◆ Instructions for the task ◆
All entries should be copied exactly; the pictures stay out.

◆ Image-text web data ◆
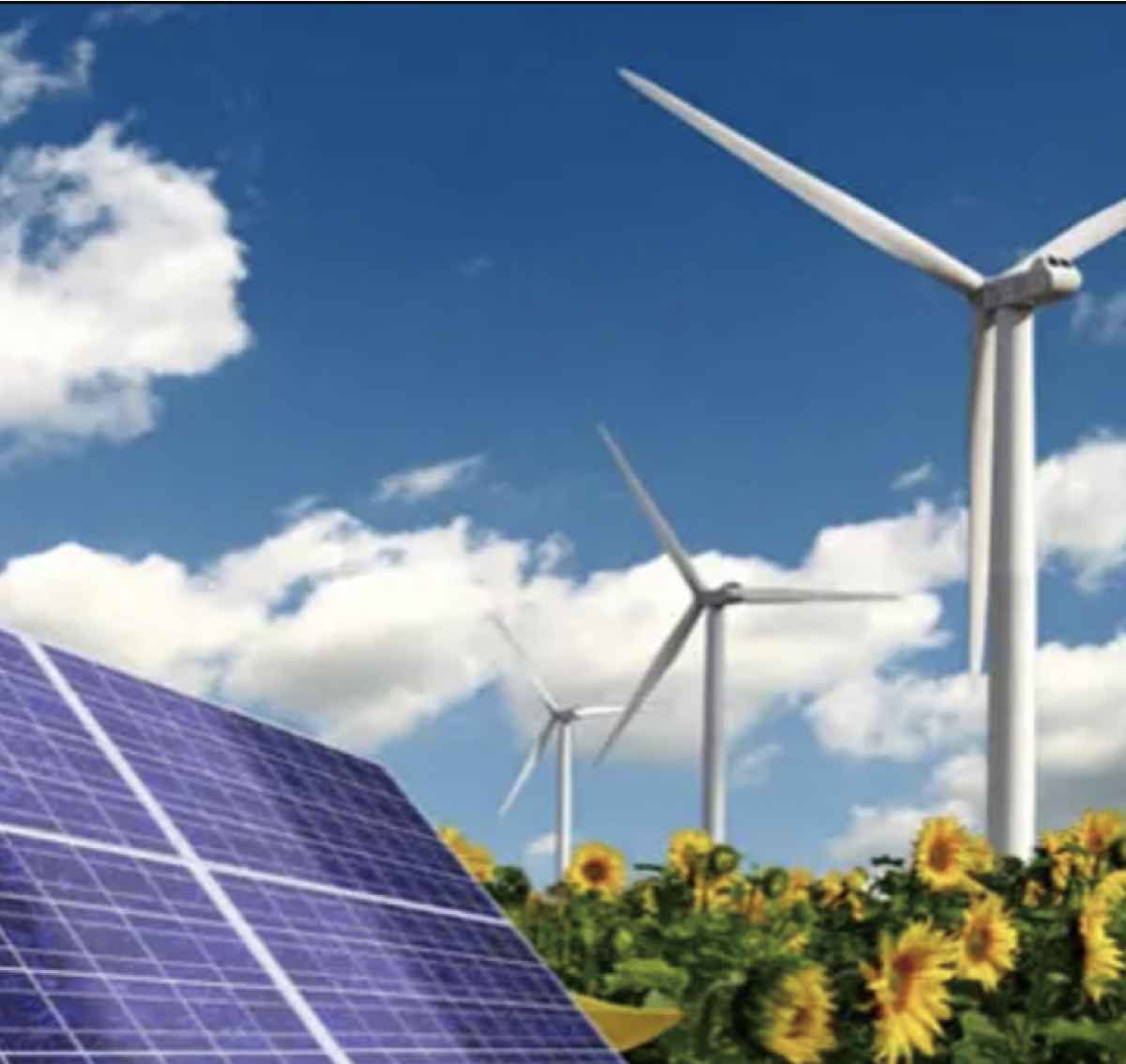 中實(shí)業(yè)績圖片整理_畫板 1 副本 6.jpg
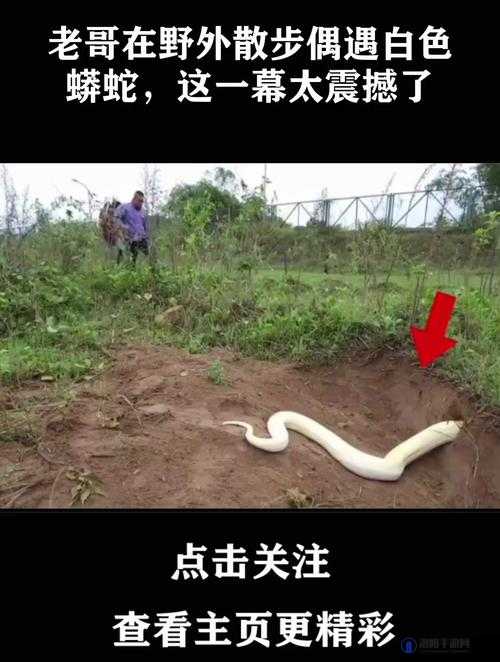 被一条蛇做到崩溃：这是怎样令人震惊的经历
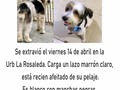 Por favor ayuda a que nuestro Copito regrese a su casa 🙏🏻😔
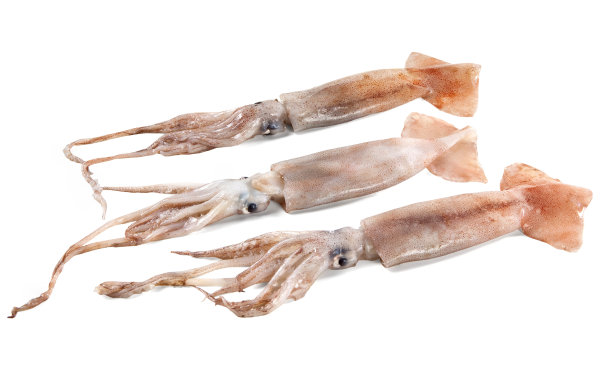 会飞的鱿鱼图片下载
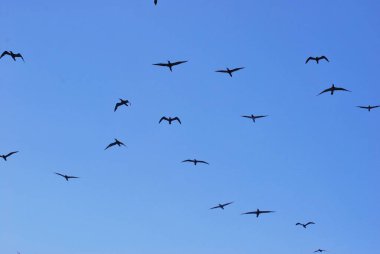 Mavi gökyüzünde uçan güvercin sürüsü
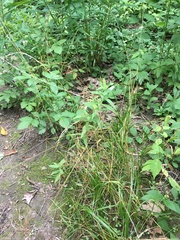 Sphenopholis intermedia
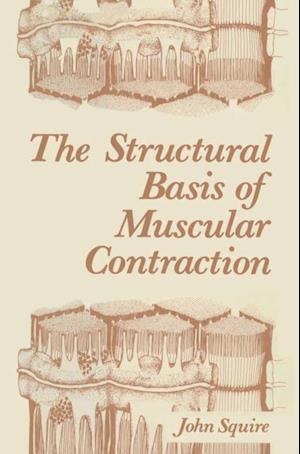 Structural Basis of Muscular Contraction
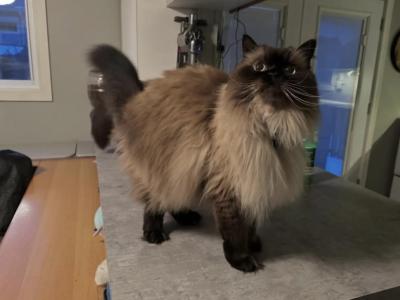 Himalayan Cat1 - Himalayan - Gallery Photo #1
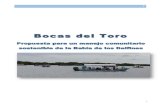 Bocas del Toro-propuestaNov52014 - Laura J May-Collado, Ph.D. · población de delfines del Archipiélago de Bocas del Toro por 10 años (2044-2014). Durante este tiempo el grupo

◆ Written reply ◆
 中實(shí)業(yè)績圖片整理_畫板 1 副本 6.jpg
 被一条蛇做到崩溃：这是怎样令人震惊的经历
 Por favor ayuda a que nuestro Copito regrese a su casa 🙏🏻😔
 会飞的鱿鱼图片下载
 Mavi gökyüzünde uçan güvercin sürüsü
 Sphenopholis intermedia
 Structural Basis of Muscular Contraction
 Himalayan Cat1 - Himalayan - Gallery Photo #1
 Bocas del Toro-propuestaNov52014 - Laura J May-Collado, Ph.D. · población de delfines del Archipiélago de Bocas del Toro por 10 años (2044-2014). Durante este tiempo el grupo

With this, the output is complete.